Musée de l’Uniforme, mémoire d’un passé entre la FRANCE et la TURQUIE

Publié le | par Sophie C. | Nombre de visite 2338
Musée de l'Uniforme, mémoire d'un passé entre la FRANCE et la TURQUIE

Je m’appelle Ludovic, je suis français, d’origine Corse.

Avec ma femme, à nous deux, nous avons réunis patience, tolérance, amour de la culture ottomane, de l’histoire au fil des voyages et de l’aventure et ainsi nous avons eu le projet ambitieux de créer un Musée.

Depuis deux ans maintenant le Musée de l’Uniforme de Livinhac le haut est ouvert au public.

Musée de l’Uniforme ?

Le titre est un peu maladroit je le réalise chaque jour.

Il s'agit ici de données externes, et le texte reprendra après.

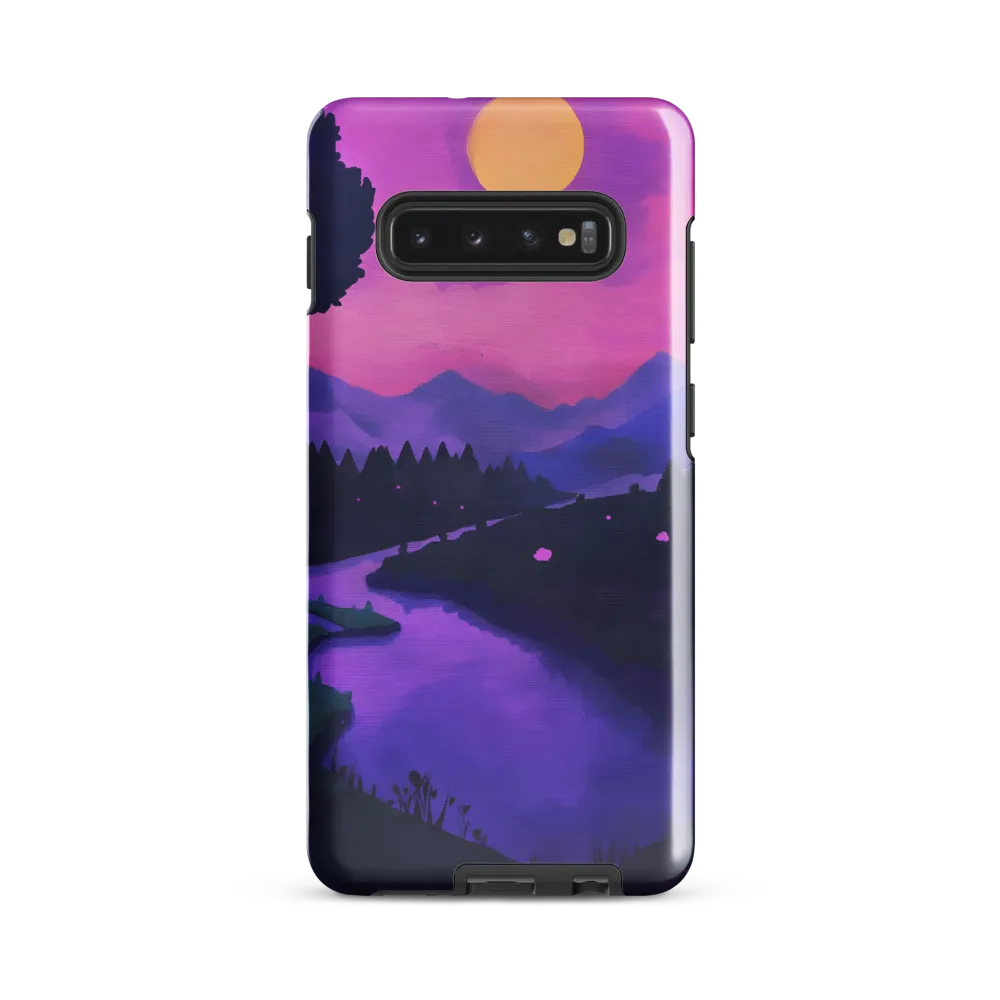 Under the Serene Moonlight | Phone Case |  S10 Plus | Tough Case | Glossy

Loin d’être un musée militaire classique, ou un musée faisant l’apologie d’une institution ou des guerres, il s’agit plutôt avant tout d’un musée de l’aventure humaine.

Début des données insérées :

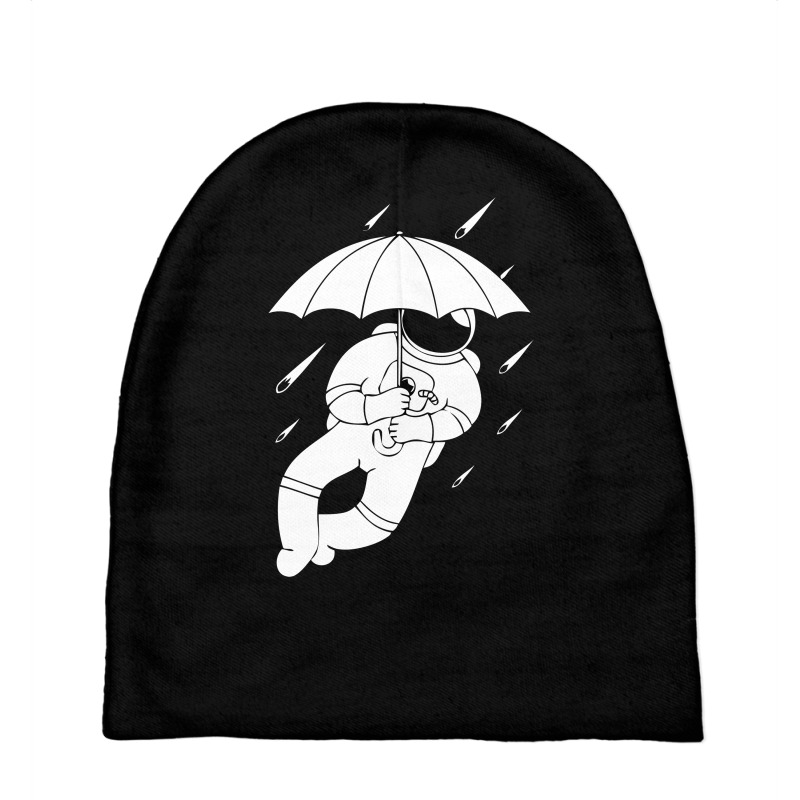 Meteor Rain Funny Baby Beanies | Artistshot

Musée de l’Homme, qui à un moment de sa vie a porté volontairement ou involontairement entre 1830 et 1962 un uniforme.

Chaque uniforme , chaque objet aussi insignifiant soit-il , exposé dans notre musée nécessite des heures voir des semaines de recherches et d’archivages afin de tout connaître de la vie de l’histoire de l’âme qui à pu habiter l’homme (ou la femme) qui un jour à utilisé ce témoignage du passé, et qui , par chaque tranche de vie, chaque petites histoires personnelles mises bout à bout, reconstitue l’Histoire .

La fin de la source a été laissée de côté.